As argued by Grigoriev and Zhirkov, Russian governance has experienced conditions of ‘creeping authoritarianism’ since the early 2000s, manifesting through various series of reforms to consolidate executive power and dismantle federal checks and balances. Democratic, political institutions pose a threat to the power of the executive through constraints they can exert on political processes. They cannot be eliminated in their entirety, however, explained Grigoriev, as they provide stability, wealth, and veils of legitimacy to the regime. The solution in Russia has been to either cripple institutions or seize control through a state power grab, leaving questions about the real dynamics of these institutions once their power has been constrained. To understand the real institutional dynamics occurring during this period of autocratic consolidation, Grigoriev and Zhirkov decided to study the top 500 richest Russian businessmen—insiders with privileged knowledge of the actual conditions of these political institutions. Using an original dataset from the Russian magazine Finans spanning from 2003-2010, Grigoriev and Zhirkov explored how Russian businessmen used their connections and grew their wealth during this period of institutional decay.
Grigoriev and Zhirkov were able to come to multiple conclusions about the patterns of businessmen and institutional dynamics through the results of their data analysis. First, those with informal (i.e. friendship) connections to the executive experienced a larger growth in their wealth than those without these executive connections. Those with informal connections started with an average of $7 million in 2003 and grew their wealth to over $1 billion in 2010, while those without informal connections to the executive started with an average of $150 million, growing to $400 million by 2010. Second, this group of informal connections and access to the executive represented a closed circle. Money did not buy access to power, as those without informal connections to the executive in 2003 were not able to establish informal connections by 2010. Finally, political institutions experienced declining use by businessmen over the studied period of time. Grigoriev and Zhirkov inferred that these institutions were perceived as unreliable and unprofitable by businessmen, resulting in declines in investments over time.

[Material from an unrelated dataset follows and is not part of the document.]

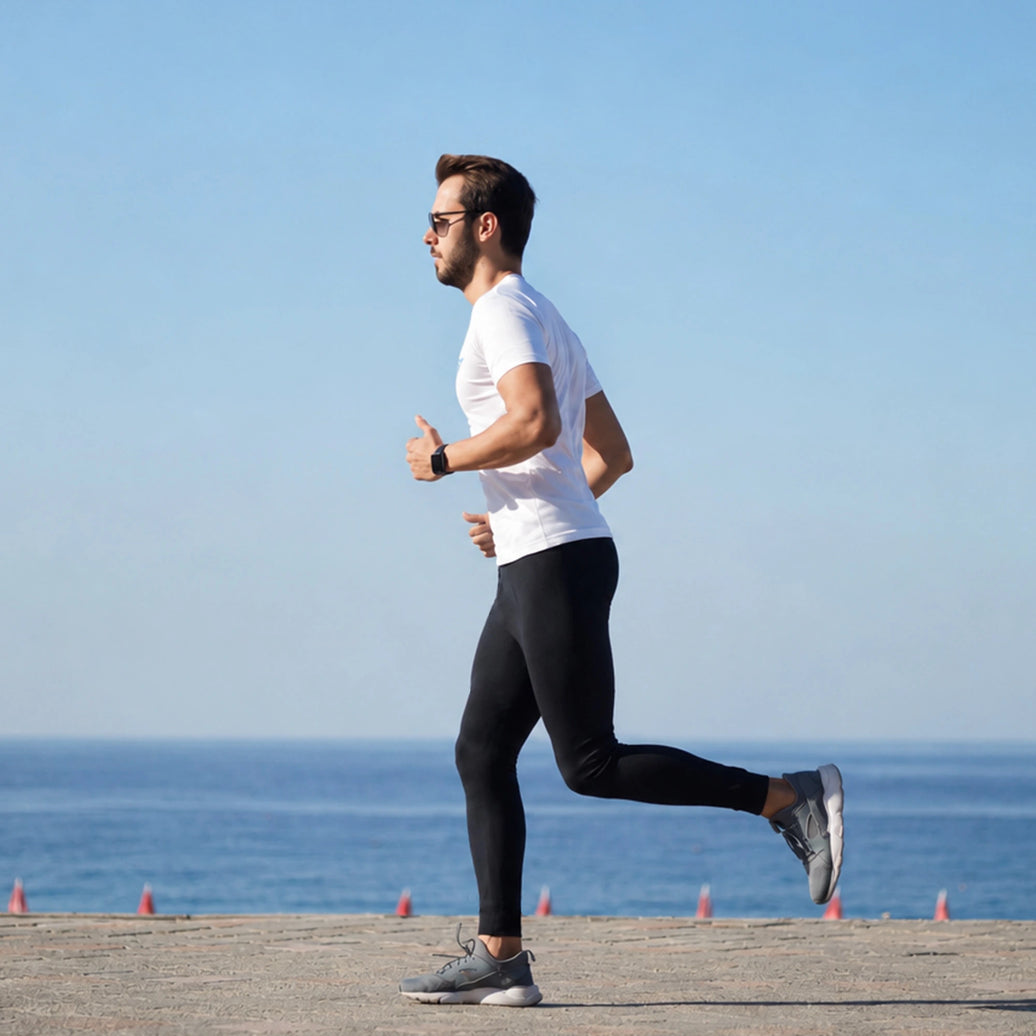 Homme en legging en train de courir au bord de la mer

As noted by one member of the audience during the question period, Grigoriev and Zhirkov’s analysis provides a snapshot into a brief and unique period in Russian history where these conditions could be observed. Recent years have seen the re-establishment of some means of checks and balances, which may have altered the investment patterns of Russian businessmen. Nonetheless, Grigoriev and Zhirkov’s analysis provides a number of insights to our understandings of business dynamics and institutional decay during this period, particularly in regards to the dramatic growth in wealth experienced by the executive’s cadre of informal connections. For myself, I had only one burning question left unresolved after the lecture: how do I leverage my incredibly impressive wealth of resources to become friends with Putin?